Mighty Cyclone Mocha makes landfall in Myanmar rips off roofs.webp

Mighty Cyclone Mocha makes landfall in Myanmar, rips off roofs and kills at least three people – The Associated Press

DHAKA, Bangladesh (AP) – Thousands of people huddled in monasteries, pagodas and schools for shelter on Sunday from a violent storm that hit the coast of Myanmar, ripping off roofs from buildings and killing at least three people.

The center of Cyclone Mocha made landfall near the township of Sittwe in Rakhine state, Myanmar, on Sunday afternoon, causing winds of up to 209 kilometers per hour, the Myanmar Meteorological Department said.

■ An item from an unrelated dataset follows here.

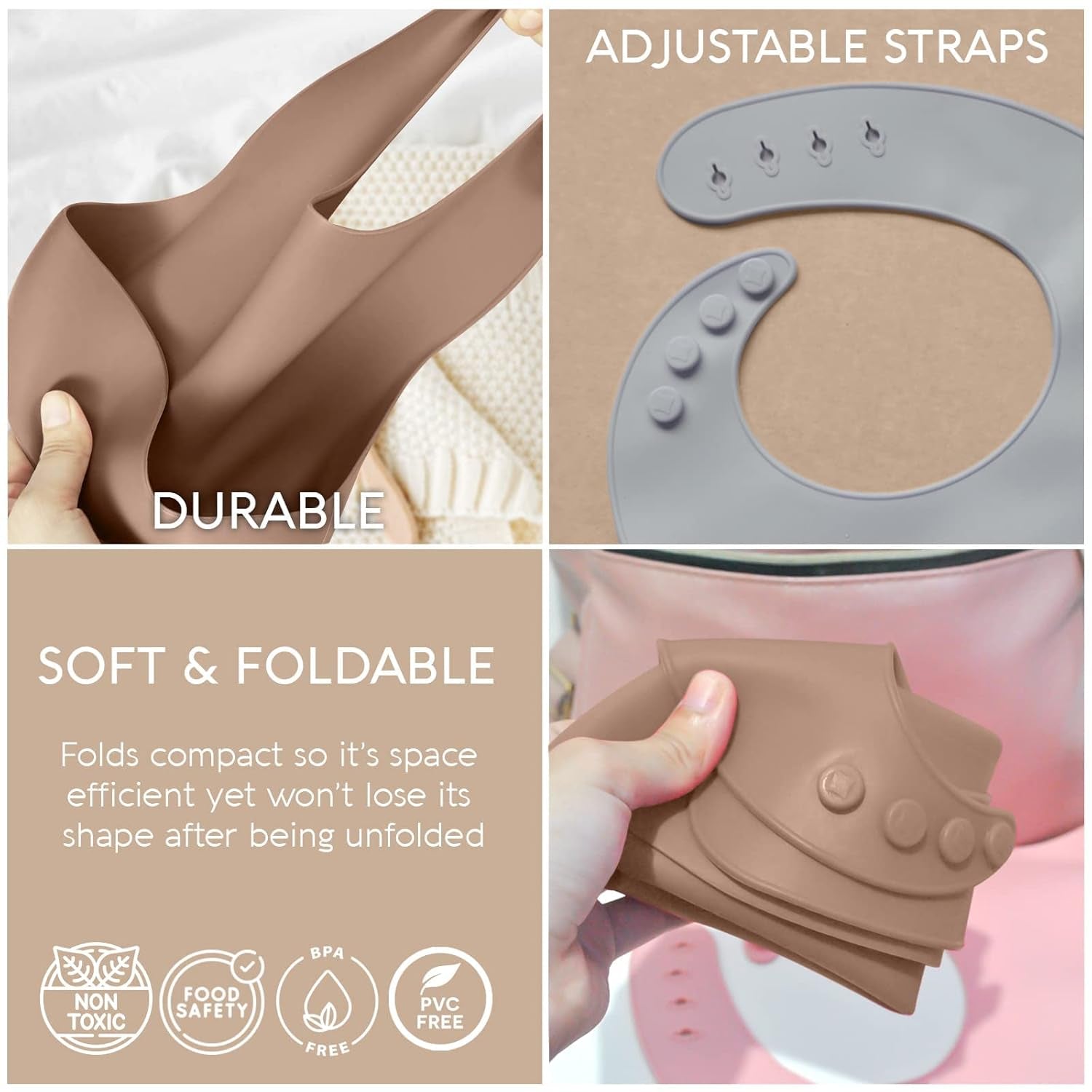 Silicone Baby Bibs - Soft Silicone Bib with Food Catcher and Waterproof Material - Adjustable Fit for Baby and Toddler (Mauvelous & Slate Gray)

Myanmar’s military information bureau said the storm damaged homes, electrical transformers, cellphone towers, boats and lampposts in Sittwe, Kyaukpyu and Gwa townships. It said the storm also ripped off roofs from sports buildings in Cocos Islands, about 425 kilometers (264 miles) southwest of the country’s largest city, Yangon.

Rakhine media reported that streets and basements of homes in lower-lying areas of Sittwe were flooded. Much of the area is cut off from telephone and internet service after strong winds brought down cell towers.

More than 4,000 of Sittwe’s 300,000 residents have been evacuated to other towns and more than 20,000 people are taking refuge in sturdy buildings such as monasteries, pagodas and schools in the town’s highlands, said Tin Nyein Oo, who volunteers at emergency shelters in Sittwe.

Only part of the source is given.